For purposes of determining the estate tax charitable deduction, the final Regulations provide that the value of the charitable share is to be reduced by the amount of estate transmission expenses paid from the charitable share.42 The charitable share will not be reduced by the amount of estate management expenses attributable to and paid from the charitable share. 43 However, pursuant to Code Section 2056(b)(9), the allowable charitable deduction will be reduced by the amount of any such management expenses that are deducted under Code Section 2053 on the federal estate tax return.44 In addition, the charitable share will also be reduced by the amount of management expenses which are paid from the charitable share and attributable to a property interest not included in the charitable share.45

An example of how these new provisions work was included in the final Regulations.46 In the example, a decedent dies in 2000, leaving his residuary estate after the payment of debts, expenses and estate taxes to a charitable remainder unitrust. His estate incurs estate transmission expenses of $400,000 during administration of the estate. The example notes that the residue (the charitable share) must be reduced by the $400,000 of estate transmission expenses and by the federal and state estate taxes before the present value of the remainder interest in the charitable remainder unitrust can be determined. An interrelated computation will be necessary.47

The final marital deduction provisions found at Regulation Section 20.2056(b)-4(d) are very similar to the final charitable deduction provisions. Seven examples are provided.48 Because similar results would presumably apply for charitable deduction purposes, it is worth reviewing these marital deduction examples here.

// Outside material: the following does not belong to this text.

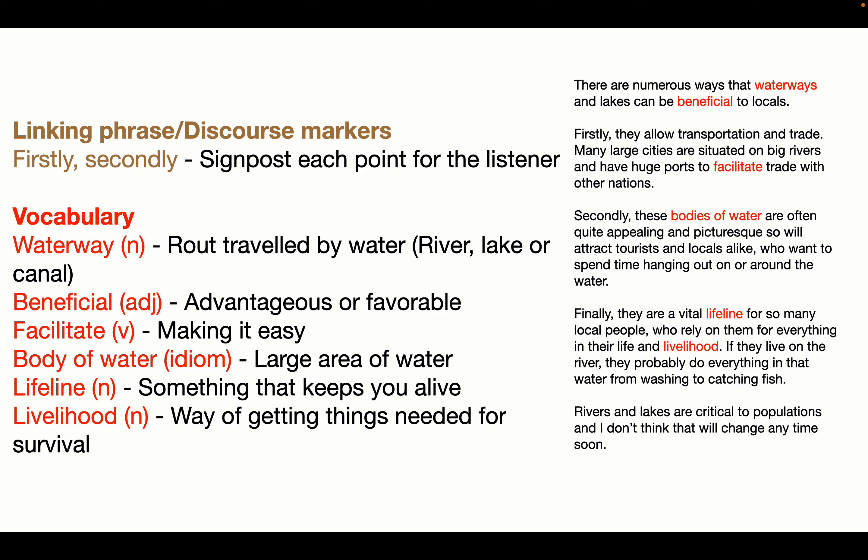Let's look at the vocabulary. Waterway — that's a route travelled by water; it could be a river, a lake, or a canal. That's a noun: waterway. Beneficial — adjective — meaning advantageous or favourable; so something that is good is beneficial. Facilitate — it's a verb; to facilitate something means to make it easier.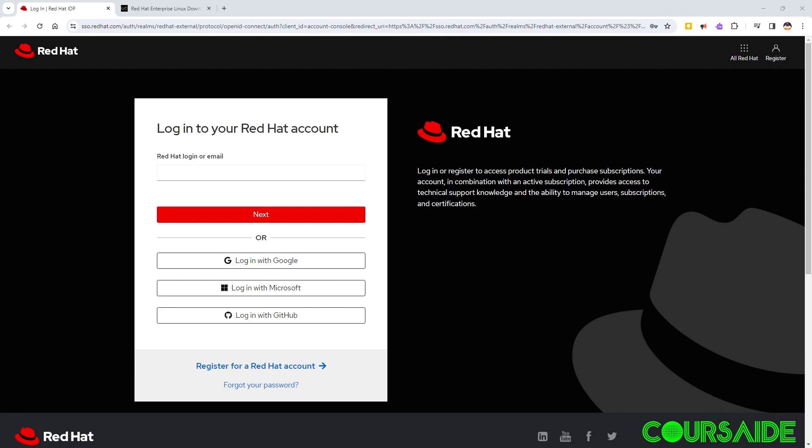Hello everyone, in today's video we're going to be installing Red Hat Enterprise Linux on VMware Workstation Pro.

In Example 1, a decedent dies after 2006 having made no lifetime gifts. The decedent bequeaths stock having a date of death value of $3 million to his or her child. The child will receive the income from the stock from the date of the decedent's death. The residue, which is valued on the date of death at $6 million before the payment of administration expenses and death taxes, goes to a qualified terminable interest property marital deduction trust. Local law gives the executor the discretion to pay administration expenses from the income or principal of the residue. All death taxes are to be paid from the residue. The state death tax equals the available state death tax credit under Code Section 2011. The estate incurs estate transmission expenses of $400,000 during the period of administration. The executor charges these expenses to the residue.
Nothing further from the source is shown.